• [What you will do]
The entries below contain pictures, which are to be left out; write out exactly, and only, the lines from the line with "Rings 14K Rose" up to and including the line with "1537 - Robert".

• [Given information]
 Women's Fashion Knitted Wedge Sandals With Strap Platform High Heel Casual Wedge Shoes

---

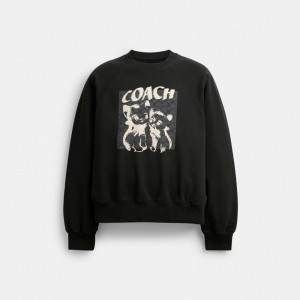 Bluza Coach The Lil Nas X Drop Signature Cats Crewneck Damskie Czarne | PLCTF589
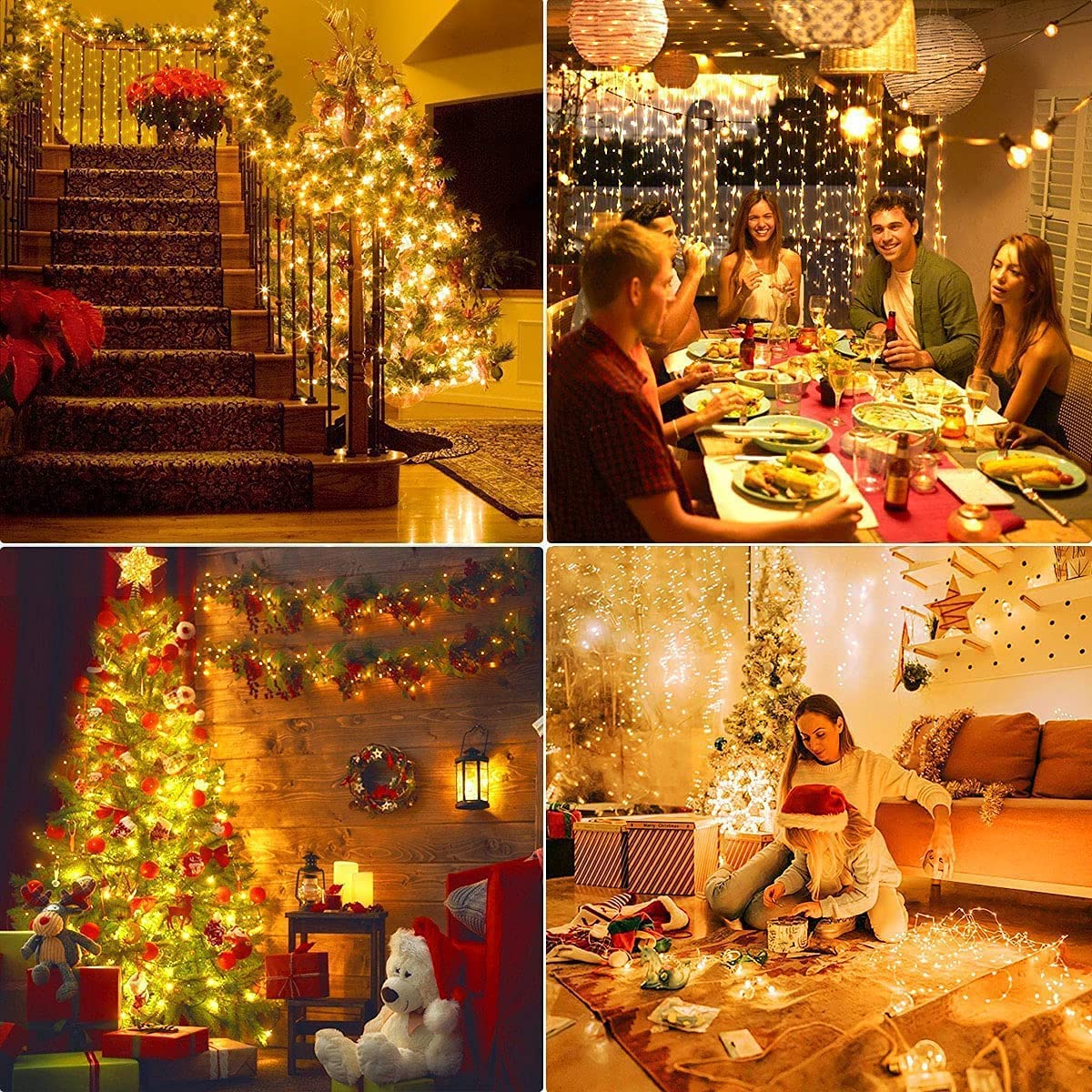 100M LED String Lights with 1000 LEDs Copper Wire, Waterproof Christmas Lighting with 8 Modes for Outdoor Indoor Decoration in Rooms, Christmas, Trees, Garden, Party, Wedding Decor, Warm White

---

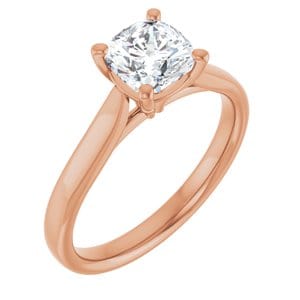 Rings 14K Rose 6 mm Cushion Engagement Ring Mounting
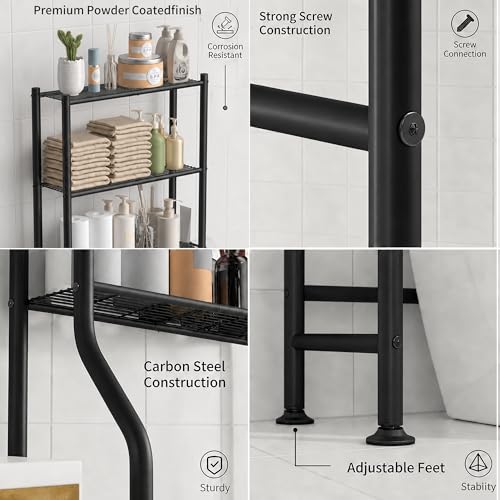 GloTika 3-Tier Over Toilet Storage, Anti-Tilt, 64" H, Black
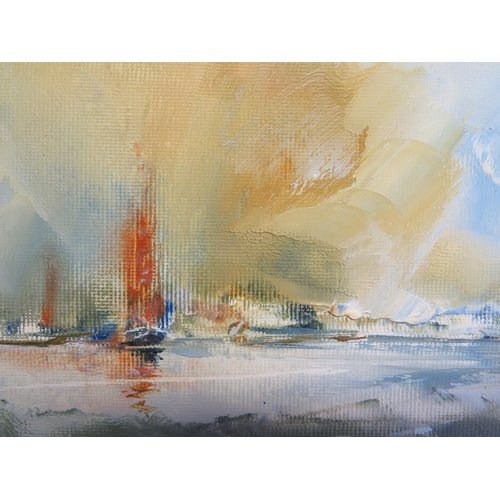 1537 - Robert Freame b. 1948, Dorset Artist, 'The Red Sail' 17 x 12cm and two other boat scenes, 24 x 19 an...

• [Completed exercise]
 Rings 14K Rose 6 mm Cushion Engagement Ring Mounting
 GloTika 3-Tier Over Toilet Storage, Anti-Tilt, 64" H, Black
 1537 - Robert Freame b. 1948, Dorset Artist, 'The Red Sail' 17 x 12cm and two other boat scenes, 24 x 19 an...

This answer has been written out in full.